If wiring this switch to our 22-circuit or 12-circuit wiring harnesses or similar style harness you have several options:
- Use the harness supplied two prong flasher and left/right turn indicators in your dash/gauge cluster
- Use the harness supplied two prong flasher and a pair of 1/4-watt diodes between the left and right indicator wires connected to the switch's yellow wire (silver band on diode to yellow wire)
- Use a three-prong flasher and connect the switch's yellow wire to the "P" terminal of the flasher to use the indicator integrated into the switch
This turn signal switch is designed to work with standard incandescent bulbs but will work with modern LED bulbs if dummy load resistors are used inline with the LED turn signal bulbs. Dummy load resistors should be installed in the front light circuits to prevent excessive heating during times that the brake may be applied for extended time (such as stopped at a stop light). An alternative method is to use a two-prong LED flasher unit with ground wire; however this is only an option when a modern wiring harness in the car is used.
The turn signal switch is grounded through the mounting clamp, so your steering column MUST have a solid ground connection. If your column is painted or secured in a rubber isolated mount we recommend running a dedicated ground wire under the mounting clamp to a solid chassis ground. This will often solve problems of the integral indicator not illuminating as well.
The orange wire is optional for brake light pass through (where your brake and turn use the same filament in an 1157 bulb for example).

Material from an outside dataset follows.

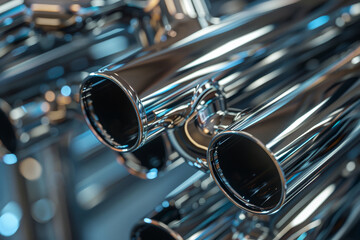 Poster - a close-up view displays shiny metal exhaust pipes, highlighting their polished surfaces and intrica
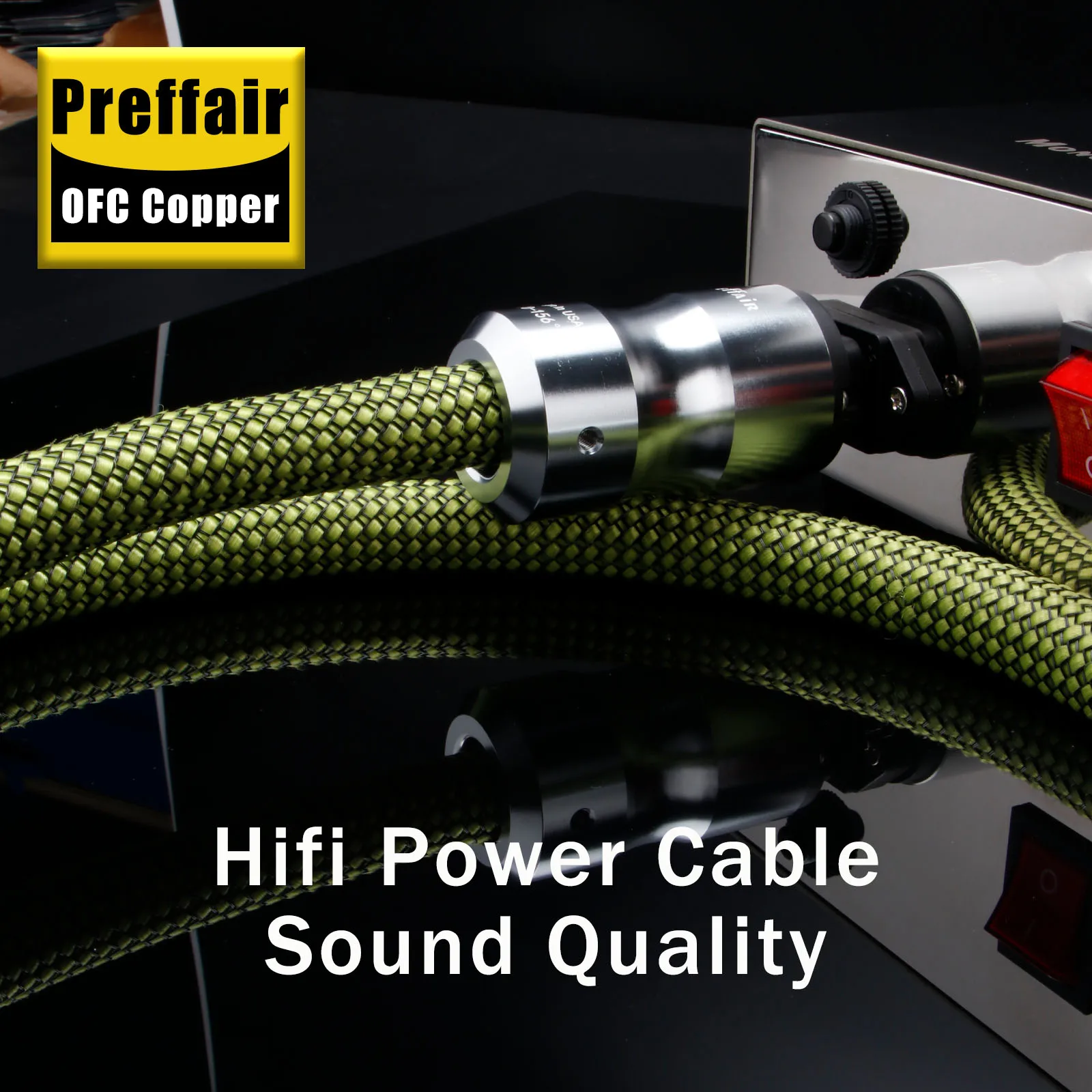 Preffair D503P089G HIFi-Stromkabel, Netzkabel, Schuko/US+C15-Stecker für Audio-CD-Verstärker, Verstärker – Detail 1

If your turn and brake lights are separate lamps this wire does not have to be connected to the output side of your brake light switch.
Traditionally, hazards work with the key off or on, while turn signals only work with the key on. When wiring your switch's flasher, be it a free-standing three-prong or the two-prong turn/hazard option in a modern wiring harness, understand that if you wire to a hot at all times circuit both hazard and turn signals will work with the key off. Alternatively, if you wire to an ignition switched circuit your hazards and turn signals will only work with the key on.